NEWS
We started with the Society’s Annual General Meeting, in which the Society’s officers gave their reports on a successful year and were re-elected en bloc for another year. ‘Presentation of Trophies’ had to be deferred due to missing trophies and recipients.
There were no entries for the Novices table. Bill Gardiner won the Winners table with his Thunia Gattonensis.
GUEST SPEAKER
Our guest speaker was Guy William Eves, who is a botanical artist. He studied Graphic Design at the Ipswich School of Art in the 1970’s; this included an initial year of fine art training that proved very useful later. After graduating, he became a freelance illustrator and finally realised his ambition to become a botanical artist after 16 years, performing lengthy and painstaking basic exercises to self-train. He was elected to the Society of Botanical Artists in 2011.
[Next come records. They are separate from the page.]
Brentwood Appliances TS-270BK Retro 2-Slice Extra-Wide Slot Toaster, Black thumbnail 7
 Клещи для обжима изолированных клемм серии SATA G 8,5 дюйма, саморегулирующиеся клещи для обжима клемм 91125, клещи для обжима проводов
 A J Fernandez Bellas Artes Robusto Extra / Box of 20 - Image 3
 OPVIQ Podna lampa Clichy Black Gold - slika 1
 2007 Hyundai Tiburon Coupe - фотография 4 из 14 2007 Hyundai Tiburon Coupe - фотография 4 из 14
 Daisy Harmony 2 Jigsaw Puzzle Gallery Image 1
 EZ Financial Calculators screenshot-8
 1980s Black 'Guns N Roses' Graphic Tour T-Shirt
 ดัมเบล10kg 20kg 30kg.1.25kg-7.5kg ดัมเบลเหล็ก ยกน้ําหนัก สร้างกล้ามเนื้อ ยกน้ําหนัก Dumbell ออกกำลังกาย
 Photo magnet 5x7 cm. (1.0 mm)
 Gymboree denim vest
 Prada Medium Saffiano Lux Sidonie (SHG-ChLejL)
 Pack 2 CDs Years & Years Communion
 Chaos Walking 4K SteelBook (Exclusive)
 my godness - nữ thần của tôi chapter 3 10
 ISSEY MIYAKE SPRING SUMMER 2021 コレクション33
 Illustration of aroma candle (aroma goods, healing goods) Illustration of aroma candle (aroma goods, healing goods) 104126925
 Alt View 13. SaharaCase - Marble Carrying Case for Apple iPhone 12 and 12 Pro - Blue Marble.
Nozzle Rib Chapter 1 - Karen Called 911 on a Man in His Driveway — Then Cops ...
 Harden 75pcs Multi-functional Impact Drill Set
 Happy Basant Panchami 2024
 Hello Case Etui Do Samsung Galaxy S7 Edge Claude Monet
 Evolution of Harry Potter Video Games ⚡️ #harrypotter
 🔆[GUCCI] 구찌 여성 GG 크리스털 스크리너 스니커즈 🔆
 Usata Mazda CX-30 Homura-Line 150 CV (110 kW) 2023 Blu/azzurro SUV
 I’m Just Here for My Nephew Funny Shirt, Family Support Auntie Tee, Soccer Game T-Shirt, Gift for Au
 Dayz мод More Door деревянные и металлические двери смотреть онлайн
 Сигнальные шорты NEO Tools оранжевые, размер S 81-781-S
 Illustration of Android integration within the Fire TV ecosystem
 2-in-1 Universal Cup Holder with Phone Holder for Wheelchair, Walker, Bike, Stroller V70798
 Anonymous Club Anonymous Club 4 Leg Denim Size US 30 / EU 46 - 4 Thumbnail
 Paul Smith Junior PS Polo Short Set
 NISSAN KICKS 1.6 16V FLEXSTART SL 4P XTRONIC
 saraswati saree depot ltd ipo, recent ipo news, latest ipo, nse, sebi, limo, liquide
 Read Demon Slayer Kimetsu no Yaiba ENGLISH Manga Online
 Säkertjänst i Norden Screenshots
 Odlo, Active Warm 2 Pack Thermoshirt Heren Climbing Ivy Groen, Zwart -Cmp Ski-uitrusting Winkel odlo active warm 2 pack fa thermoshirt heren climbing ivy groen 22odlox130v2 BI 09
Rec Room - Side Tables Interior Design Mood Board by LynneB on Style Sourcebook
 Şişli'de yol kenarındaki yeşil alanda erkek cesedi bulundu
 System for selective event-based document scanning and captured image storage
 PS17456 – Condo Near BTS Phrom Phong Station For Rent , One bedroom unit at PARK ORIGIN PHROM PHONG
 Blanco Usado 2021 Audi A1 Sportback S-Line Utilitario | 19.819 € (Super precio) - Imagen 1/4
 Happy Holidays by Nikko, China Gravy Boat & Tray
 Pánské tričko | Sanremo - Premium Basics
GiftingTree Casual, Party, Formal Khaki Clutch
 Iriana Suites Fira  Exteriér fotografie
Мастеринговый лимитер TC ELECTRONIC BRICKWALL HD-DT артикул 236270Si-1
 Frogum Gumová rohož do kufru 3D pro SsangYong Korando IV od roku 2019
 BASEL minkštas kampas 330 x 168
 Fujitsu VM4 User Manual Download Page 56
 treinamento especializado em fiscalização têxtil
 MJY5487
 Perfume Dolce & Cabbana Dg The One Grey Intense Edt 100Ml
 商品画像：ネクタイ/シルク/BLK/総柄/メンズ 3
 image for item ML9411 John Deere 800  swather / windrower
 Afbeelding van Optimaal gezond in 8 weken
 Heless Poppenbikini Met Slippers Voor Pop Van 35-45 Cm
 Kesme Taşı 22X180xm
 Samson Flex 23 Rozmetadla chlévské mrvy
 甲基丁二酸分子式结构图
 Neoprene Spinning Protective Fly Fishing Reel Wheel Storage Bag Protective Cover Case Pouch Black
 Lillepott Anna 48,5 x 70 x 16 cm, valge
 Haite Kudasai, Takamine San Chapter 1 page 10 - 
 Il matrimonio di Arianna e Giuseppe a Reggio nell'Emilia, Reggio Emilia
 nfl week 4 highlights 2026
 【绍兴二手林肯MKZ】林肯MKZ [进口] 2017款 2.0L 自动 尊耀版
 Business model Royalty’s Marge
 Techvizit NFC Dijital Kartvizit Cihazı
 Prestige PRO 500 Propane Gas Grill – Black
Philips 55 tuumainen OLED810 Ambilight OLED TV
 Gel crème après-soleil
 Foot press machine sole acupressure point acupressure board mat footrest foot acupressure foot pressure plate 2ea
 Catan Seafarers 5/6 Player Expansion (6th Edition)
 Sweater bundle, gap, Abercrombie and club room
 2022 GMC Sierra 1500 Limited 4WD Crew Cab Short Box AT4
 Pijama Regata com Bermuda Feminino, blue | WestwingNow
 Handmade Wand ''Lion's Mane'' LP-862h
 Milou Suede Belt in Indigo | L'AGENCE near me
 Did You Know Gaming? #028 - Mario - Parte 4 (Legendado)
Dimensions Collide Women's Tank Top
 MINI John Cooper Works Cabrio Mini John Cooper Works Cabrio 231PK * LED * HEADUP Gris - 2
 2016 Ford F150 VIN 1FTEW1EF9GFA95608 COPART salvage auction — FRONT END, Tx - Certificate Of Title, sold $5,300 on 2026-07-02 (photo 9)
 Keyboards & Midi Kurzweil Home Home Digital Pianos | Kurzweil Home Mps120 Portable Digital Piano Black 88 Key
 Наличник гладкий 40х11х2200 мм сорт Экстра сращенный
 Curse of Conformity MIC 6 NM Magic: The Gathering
Guy works in monochrome; monochrome work isn’t dependent on the quality of the light. He uses pencils of various degrees of hardness that he keeps needle-sharp. A work usually starts with hard pencils, building up the picture in 2-4 layers of increasing pencil softness, then reverting to a hard pencil to blend the tones. He uses a paper mask to keep the paper clean in the unworked areas, and various contrivances to ‘pose’ the subject. For trees, he has to work from a photo; otherwise, he works from life, and prefers not to use technology to assist. Each picture takes him 40-300 hours to produce.
He has held various exhibitions including at the Wolsey Gallery and the Ipswich School of Art, and has received various commissions including from the Chelsea Physic Garden and the Royal College of Physicians.